From the 17 μL·, 5 μL· are taken and then denatured at a working temperature of substantially 65°C for an operating time of substantially 5 minutes.
This is followed by the retro-transcription phase which involves the use of start sequences (primers) chosen by the group comprising:
5 ' -TGTGAATTCT ATAAATAATGGAGGGC AAAGCCCGC-3 ' (SEQ ID NO: 3),
5 ' -C AAAAGCTTC AG AC ATAAGAAAAGCC-3 ' (SEQ ID NO: 4).
Preferably, according to a preferred embodiment of the invention, the start nucleotide sequences comprise the above specific nucleotide sequences respectively for the restriction sites of EcoRI and Hindlll: GAATTC and AAGCTT respectively.
More specifically, the complete start sequences for the respective EcoRI and Hindlll restriction sites are shown below.
Table 1
Preferably, the retro-transcription phase takes place by means of a reverse transcriptase enzyme of the Superscript ™ II Reverse Transcriptase of Invitrogen (Life technologies) type.
Afterwards, once a single- stranded cDNA sequence has been obtained, the procedure comprises a first amplification phase of the cDNA sequence itself. The first amplification phase is performed by setting up a first polymerase chain reaction, the so-called PCR, which, as the expert in the sector knows, involves the use of a DNA polymerase.

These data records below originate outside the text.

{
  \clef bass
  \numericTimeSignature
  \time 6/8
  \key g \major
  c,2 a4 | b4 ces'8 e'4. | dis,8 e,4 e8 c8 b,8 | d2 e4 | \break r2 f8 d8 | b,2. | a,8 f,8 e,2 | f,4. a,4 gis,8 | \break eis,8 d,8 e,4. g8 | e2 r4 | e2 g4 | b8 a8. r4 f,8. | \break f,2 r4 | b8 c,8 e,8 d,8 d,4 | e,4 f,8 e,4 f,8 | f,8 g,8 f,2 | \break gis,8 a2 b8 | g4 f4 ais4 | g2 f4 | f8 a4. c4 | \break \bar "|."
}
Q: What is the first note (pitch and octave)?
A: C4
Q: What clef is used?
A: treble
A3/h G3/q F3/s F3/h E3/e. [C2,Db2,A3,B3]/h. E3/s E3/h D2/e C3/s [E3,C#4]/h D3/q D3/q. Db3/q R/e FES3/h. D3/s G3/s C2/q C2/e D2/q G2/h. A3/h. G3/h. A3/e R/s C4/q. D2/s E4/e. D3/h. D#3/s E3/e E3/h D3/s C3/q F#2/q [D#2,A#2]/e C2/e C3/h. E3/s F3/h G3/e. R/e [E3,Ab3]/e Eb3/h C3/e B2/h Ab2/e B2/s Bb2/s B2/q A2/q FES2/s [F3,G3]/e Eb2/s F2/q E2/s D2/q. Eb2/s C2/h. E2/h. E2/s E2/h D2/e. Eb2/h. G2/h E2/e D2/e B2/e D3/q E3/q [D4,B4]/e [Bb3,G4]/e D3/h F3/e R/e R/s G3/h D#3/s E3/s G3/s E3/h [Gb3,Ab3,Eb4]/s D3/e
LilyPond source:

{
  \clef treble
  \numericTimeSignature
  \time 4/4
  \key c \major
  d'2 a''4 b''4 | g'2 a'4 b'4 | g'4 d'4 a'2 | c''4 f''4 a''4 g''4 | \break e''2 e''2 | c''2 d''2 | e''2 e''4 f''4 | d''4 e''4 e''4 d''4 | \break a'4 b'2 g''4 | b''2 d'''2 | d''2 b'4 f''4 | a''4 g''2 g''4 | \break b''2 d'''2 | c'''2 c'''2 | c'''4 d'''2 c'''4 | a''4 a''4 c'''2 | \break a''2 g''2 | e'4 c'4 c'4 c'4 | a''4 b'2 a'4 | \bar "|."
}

With reference to a preferred embodiment, the DNA polymerase used is of the Phusion High-Fidelity DNA Polymerase (Thermo Fisher) type. In detail, the first amplification phase comprises a first plurality of operating phases which, in turn, comprise a first denaturation phase at a working temperature of substantially 95°C and for an operating time of substantially 30 seconds.

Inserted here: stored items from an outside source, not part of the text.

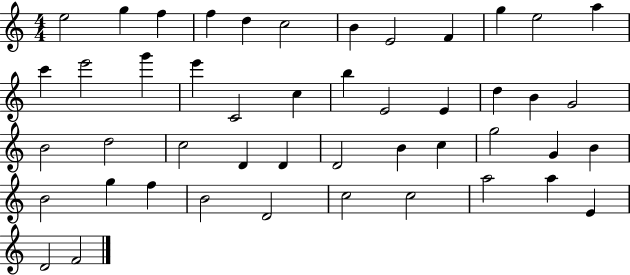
{
  \clef treble
  \numericTimeSignature
  \time 4/4
  \key c \major
  e''2 g''4 f''4 | f''4 d''4 c''2 | b'4 e'2 f'4 | g''4 e''2 a''4 | \break c'''4 e'''2 g'''4 | e'''4 c'2 c''4 | b''4 e'2 e'4 | d''4 b'4 g'2 | \break b'2 d''2 | c''2 d'4 d'4 | d'2 b'4 c''4 | g''2 g'4 b'4 | \break b'2 g''4 f''4 | b'2 d'2 | c''2 c''2 | a''2 a''4 e'4 | \break d'2 f'2 | \bar "|."
}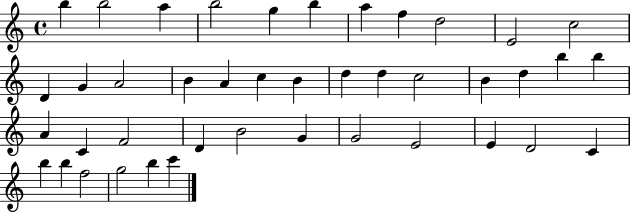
{
  \clef treble
  \time 4/4
  \defaultTimeSignature
  \key c \major
  b''4 b''2 a''4 | b''2 g''4 b''4 | a''4 f''4 d''2 | e'2 c''2 | \break d'4 g'4 a'2 | b'4 a'4 c''4 b'4 | d''4 d''4 c''2 | b'4 d''4 b''4 b''4 | \break a'4 c'4 f'2 | d'4 b'2 g'4 | g'2 e'2 | e'4 d'2 c'4 | \break b''4 b''4 f''2 | g''2 b''4 c'''4 | \bar "|."
}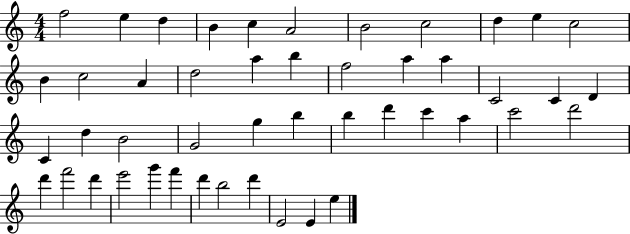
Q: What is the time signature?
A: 4/4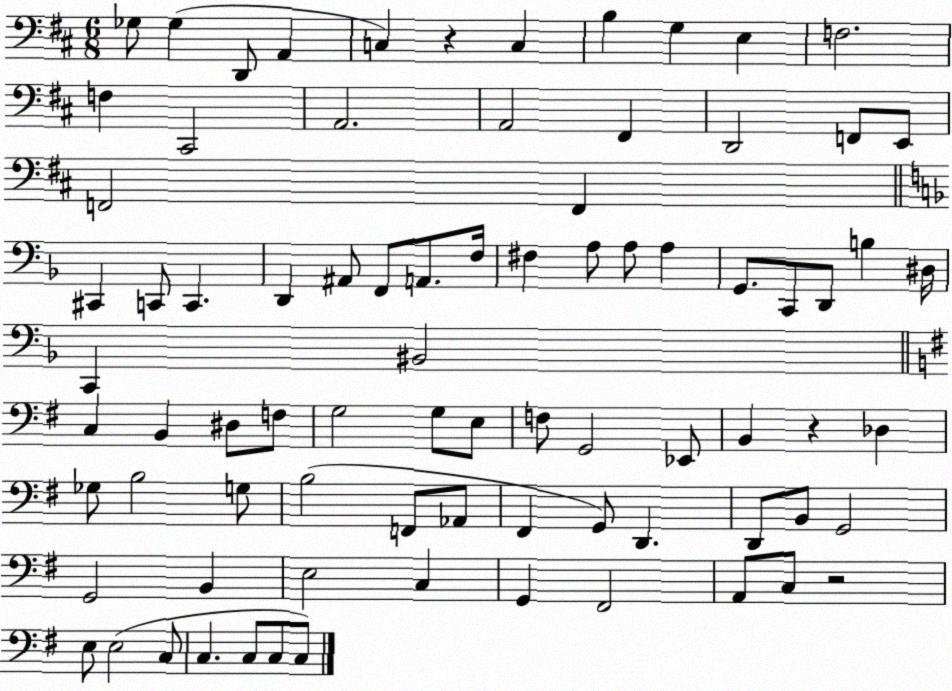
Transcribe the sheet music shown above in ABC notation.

X:1
T:Untitled
M:6/8
L:1/4
K:D
_G,/2 _G, D,,/2 A,, C, z C, B, G, E, F,2 F, ^C,,2 A,,2 A,,2 ^F,, D,,2 F,,/2 E,,/2 F,,2 F,, ^C,, C,,/2 C,, D,, ^A,,/2 F,,/2 A,,/2 F,/4 ^F, A,/2 A,/2 A, G,,/2 C,,/2 D,,/2 B, ^D,/4 C,, ^B,,2 C, B,, ^D,/2 F,/2 G,2 G,/2 E,/2 F,/2 G,,2 _E,,/2 B,, z _D, _G,/2 B,2 G,/2 B,2 F,,/2 _A,,/2 ^F,, G,,/2 D,, D,,/2 B,,/2 G,,2 G,,2 B,, E,2 C, G,, ^F,,2 A,,/2 C,/2 z2 E,/2 E,2 C,/2 C, C,/2 C,/2 C,/2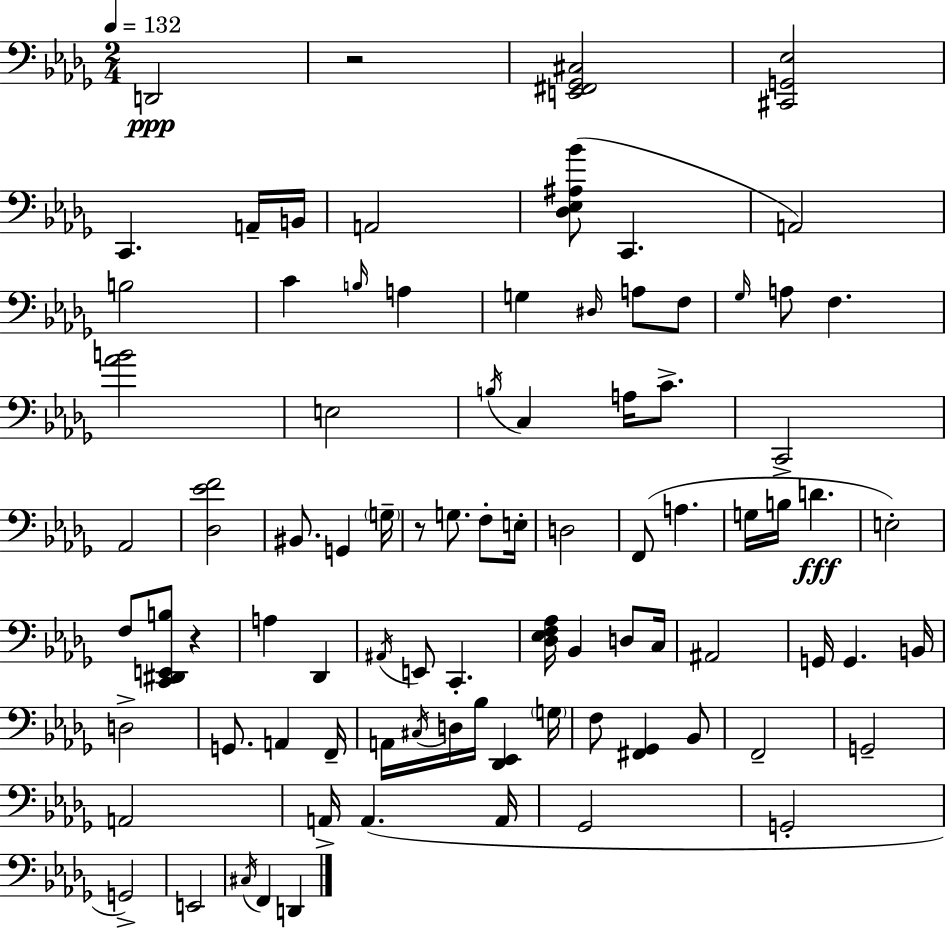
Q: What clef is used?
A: bass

This is followed by the first amplification phase which comprises a first denaturation phase at a working temperature of substantially 95°C and for an operating time of substantially 5 seconds.
At this point, the first amplification phase comprises a first phase of adhesion of the start sequences to the cDNA filament at a working temperature of substantially 55°C for an operating time of substantially 15 seconds.
The start sequences (primers) used in the first adhesion phase are chosen from the group shown in Table 1.
Preferably, the start sequences (primers) used are RHDV/EcoRI-F in combination with RHDV/Hindlll-R.
Furthermore, the first amplification phase comprises a first extension phase at a working temperature of substantially 72°C for an operating time of substantially 1 minute and 10 seconds.
More specifically, the first denaturation phase, the first adhesion phase and the first extension phase are repeated 30 times in sequence.
Finally, the procedure comprises a first phase of final extension at a working temperature of substantially 72°C and for an operating time of substantially 10 minutes to obtain the amplified nucleotide sequence.
At this point, the procedure comprises a first phase ligation of the amplified nucleotide sequences in a vector for transfer in baculovirus pOET2C-6xHis for the subsequent transformation of the competent cells of E. Coli.
The construct obtained and containing the gene encoding for the protein VP60 of RHDV was called RHDV-VP60/pOET2C.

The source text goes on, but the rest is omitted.